Having empathy and respect for oneself and others when engaging in difficult dialogue is an essential part of peace education. Gandhi emphasized that involving emotions was more transformative than purely intellectual approaches to education. Nonviolent communication (NVC), as developed by Marshall Rosenberg, is a tool for fostering empathy and building connection across difference. Using NVC for difficult conversations in any college classroom is a way of mainstreaming peace education across the curriculum. Though there is literature on difficult conversations in the college classroom, and on the effectiveness of NVC in general and in K-12 classrooms, there is very little on NVC in college spaces, and none on NVC for difficult conversations. In this primarily qualitative study college students were asked to use NVC to discuss controversial nonviolent actions.
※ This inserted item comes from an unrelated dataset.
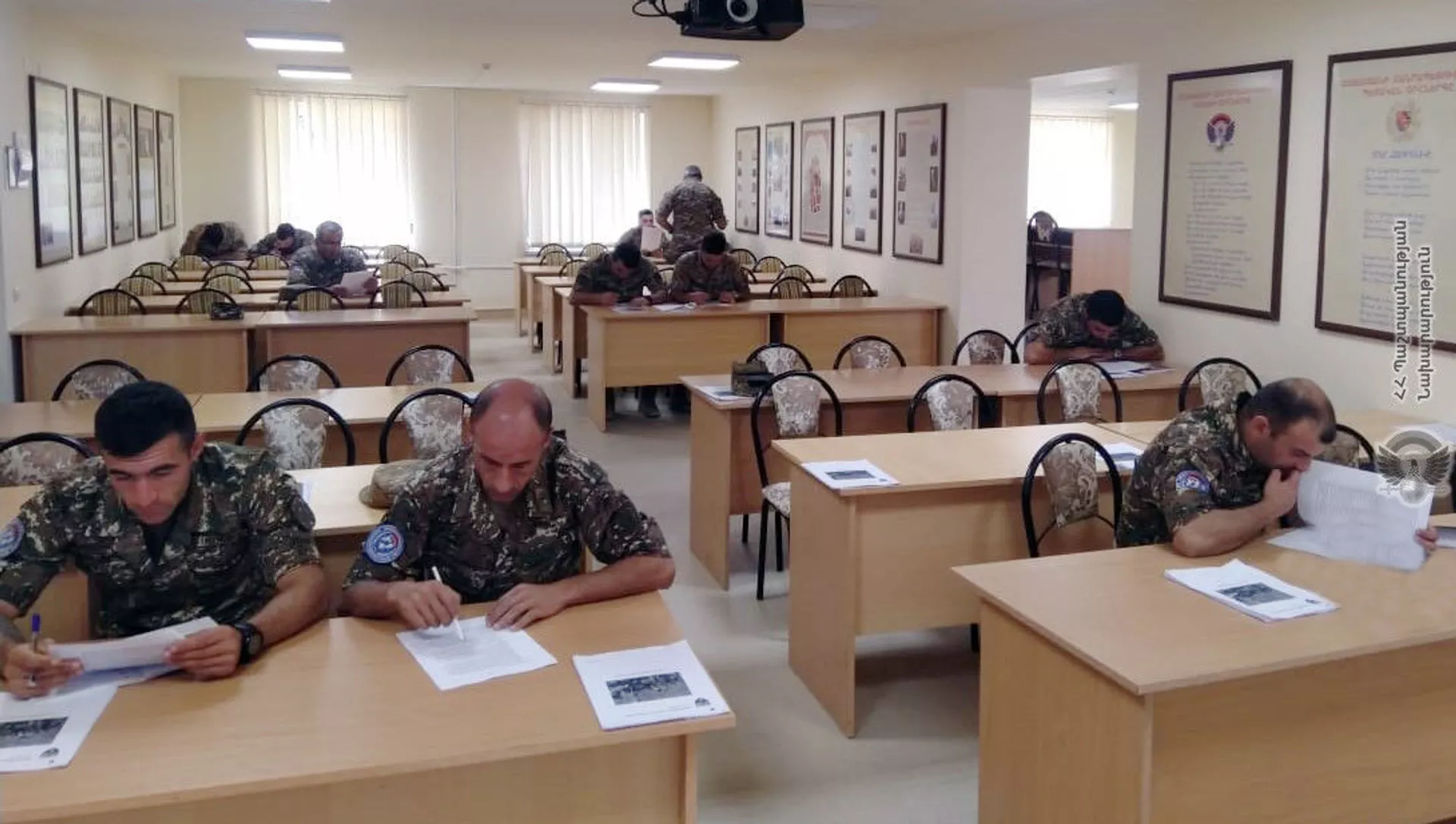 Военнослужащие миротворческой бригады Минобороны проходят курс Руководство младшими командирами, который проводит британская военно-консультативная группа подготовки в учебном центре ZAR Военнослужащие миротворческой бригады Минобороны проходят курс Руководство младшими командирами, который проводит британская военно-консультативная группа подготовки в учебном центре ZAR - Sputnik Армения, 1920, 13.09.2021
We found that even when both professor and students were NVC beginners, students were able to use it to discuss polarizing protests in a class with a diversity of views and needs for respect were overwhelmingly met. NVC was also useful for deepening analysis of the effectiveness of nonviolent actions, and could serve as a tool of emotional regulation for nonviolent action, or a modern day sort of purification for satyagraha.

Author Bio(s)

Dr. Sara Koopman is an Assistant Professor at Kent State in the School of Peace and Conflict Studies, which is a living memorial to the students killed by the National Guard on May 4th, 1970. She is a feminist political geographer interested in the socio-spatial aspects of peace, and the ways that both peacebuilding and international solidarity can fall into colonial patterns, which she blogs about at decolonizingsolidarity.blogspot.com. She is particularly interested in how grassroots groups build alternative securities through solidarity, a process she has framed as doing alter-geopolitics. She is currently doing participatory memorial story mapping for reconciliation around the 1970 Kent State shootings at MappingMay4.kent.edu.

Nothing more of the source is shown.